_REQUIRED WORK:_ Every line of the data below must be output exactly, with images left out.

_RECORDED DATA:_
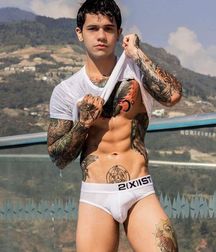 Twinks 302 59d749f26b02a.jpg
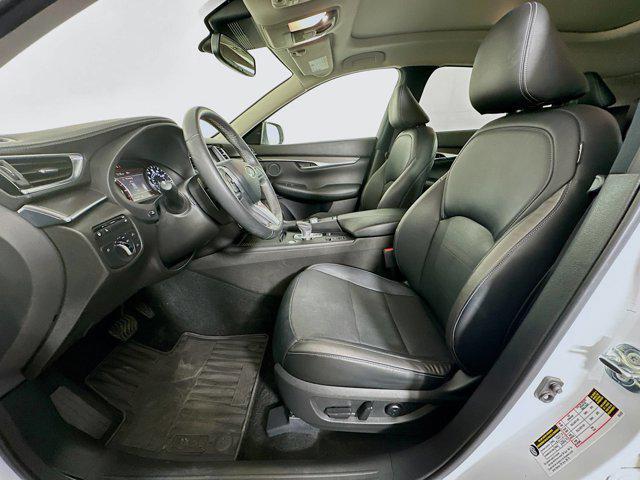 Photo of 2022 Lunar White INFINITI QX50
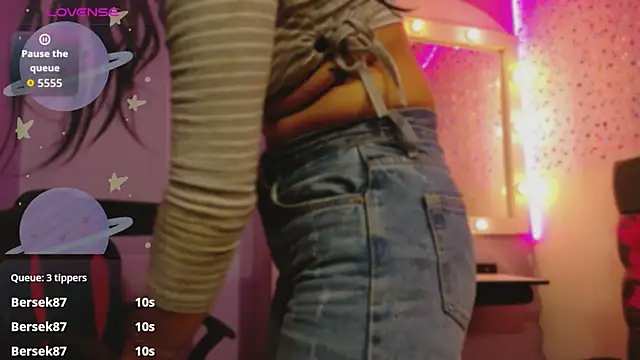 BrendaRojas_ Adlı Modelin Canlı Sohbet Odası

_PROBLEM SOLUTION:_
 Twinks 302 59d749f26b02a.jpg
 Photo of 2022 Lunar White INFINITI QX50
 BrendaRojas_ Adlı Modelin Canlı Sohbet Odası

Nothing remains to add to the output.